# Rubik's Speedcube (Florian) Mod?



## Cubie Burd (Mar 7, 2015)

Hey guys;

I have a question about the not so new "Tensionable Rubik's Speedcube" that I haven't seen anybody try yet. 

First off, if you havn't heard of or seen this cube in action yet, I want to direct you to Cyuobx's review: https://www.youtube.com/watch?v=fQVp_B9mAxQ
It's by FAR the most detailed review of the cube yet; and it's really kind of neat to see that Rubik's actually did something to change the design of the cube and to cater to the speedsolving community. And if you watch the video fully, you can see that the cube is VERY fast, and is overall half decent. I've personally gotten a feel of this cube too; a kid who constantly nags me at school had one, and of course I had to try it. The cube was actually one of the faster cubes I'd felt; and thats saying something as I had a Aolong V1 and a Weilong under my collection. But there's ONE major flaw.

There are NO florian cuts at all, so theres NO reverse corner cutting; and lacking in normal cuts aswell. 

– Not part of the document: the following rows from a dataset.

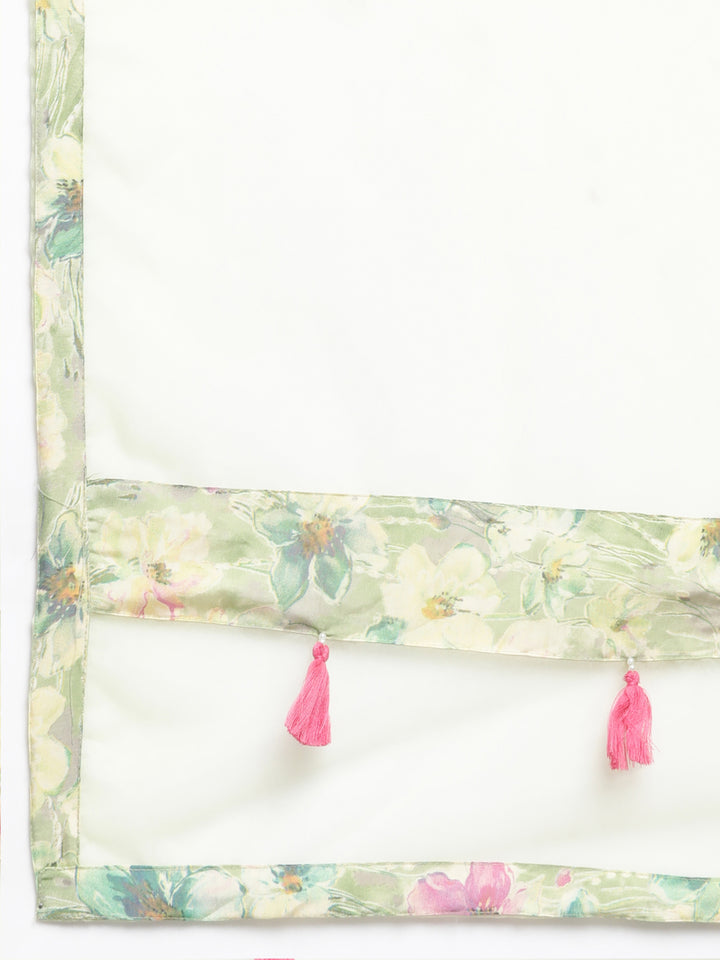 Neerus Green printed floral straight suit set - detail view 4
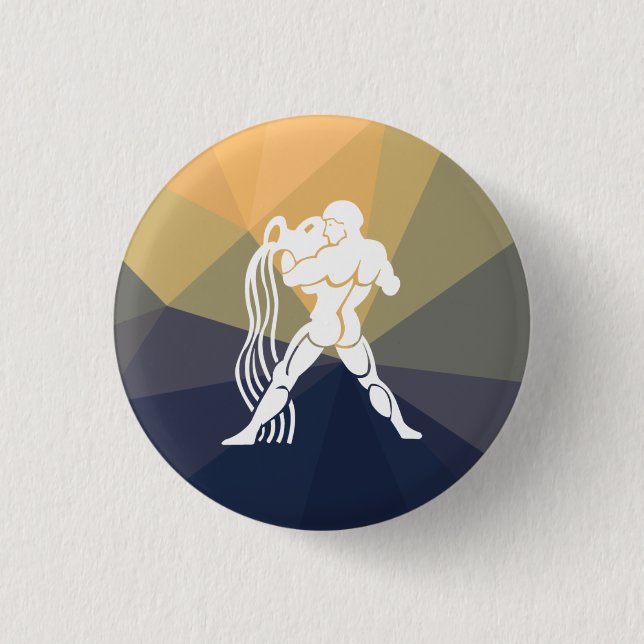 Aquarius-Horoskop-Schild Button (Vorderseite)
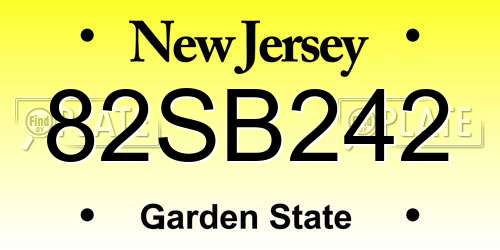 82SB242 New Jersey License Plate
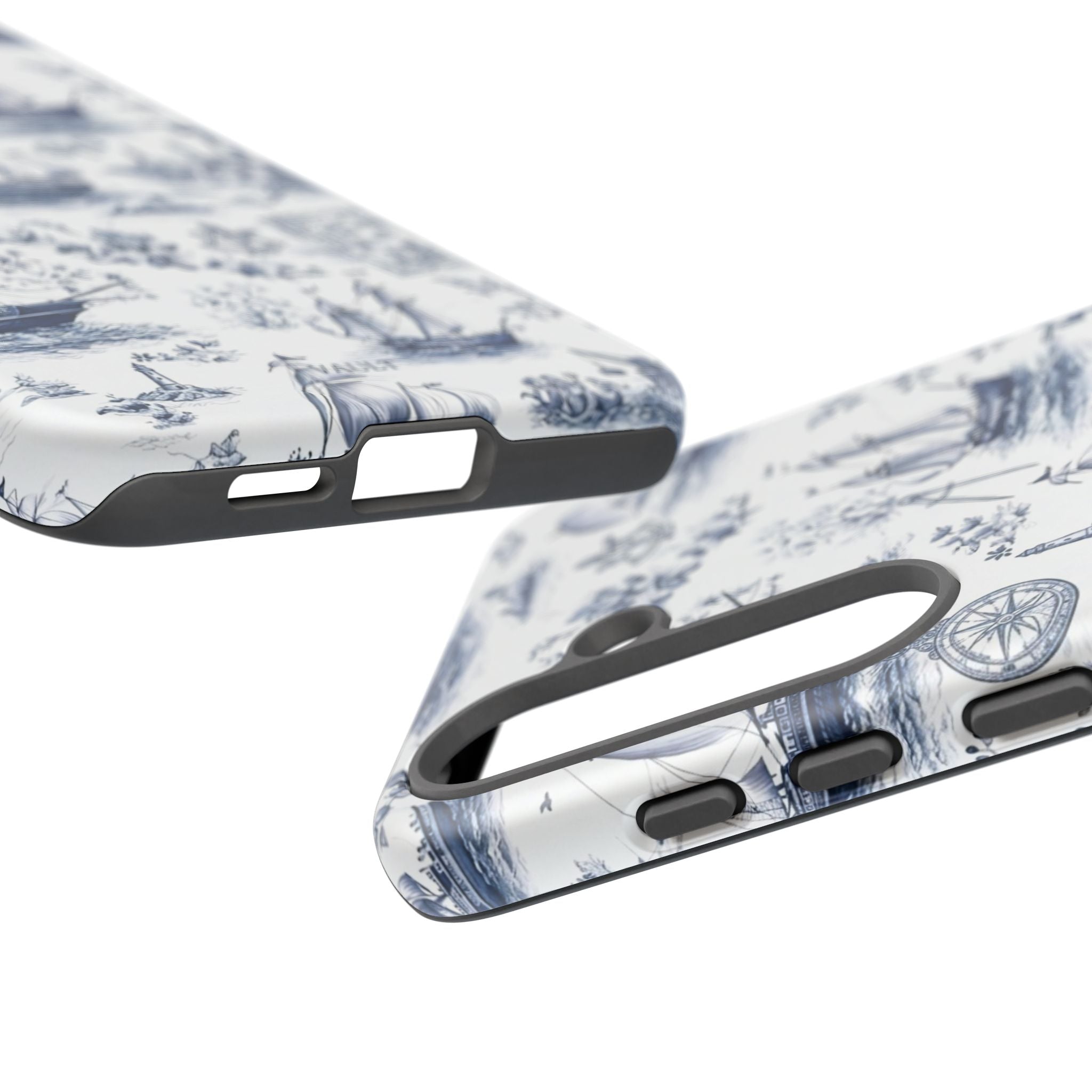 Nautical Vintage Ship Tough Phone Case — Blue Toile Sailboat Pattern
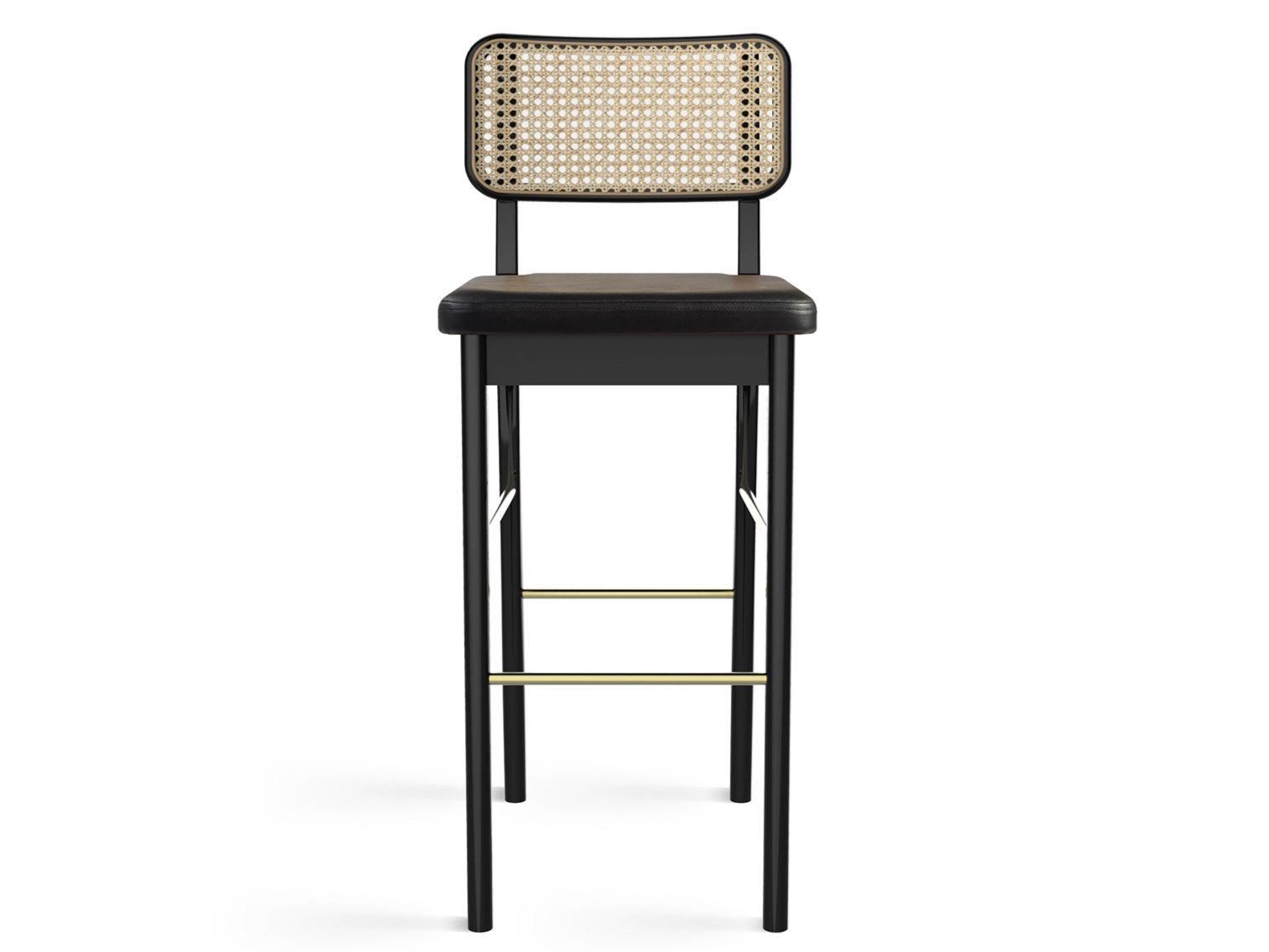 Высокий деревянный табурет со встроенной подушкой и плетеной спинкой RED EDITION плетеная ARCH-00035114 - Вид №1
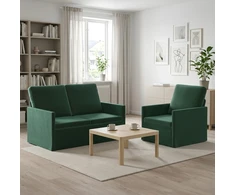 Sofa Sofos komplektas 2 vnt. Tamsiai žalia Aksomas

So it ultimately begs the question: what happens when you do a Florian mod (round all of the corners, edges, and the centers) to this cube? As I don't actually OWN the cube, I was wondering to myself if anybody on the forum had a Rubik's speedcube; and was willing give it (and possibly ruin it) with a Florian mod. I really am curious to see what would happen? Obviously corner cutting would improve, but then that might make it an on-par speedcube! I searched around and I havent seen anyone go through with this; and I can't be the only one that's wondering what this cube would be like with florian cuts.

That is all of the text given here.